[The task]:
Down to the last line, repeat the data below exactly.

[Recorded data]:
****

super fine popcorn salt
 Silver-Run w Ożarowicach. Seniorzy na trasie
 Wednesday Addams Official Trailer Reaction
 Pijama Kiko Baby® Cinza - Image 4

****

[Task result]:
super fine popcorn salt
 Silver-Run w Ożarowicach. Seniorzy na trasie
 Wednesday Addams Official Trailer Reaction
 Pijama Kiko Baby® Cinza - Image 4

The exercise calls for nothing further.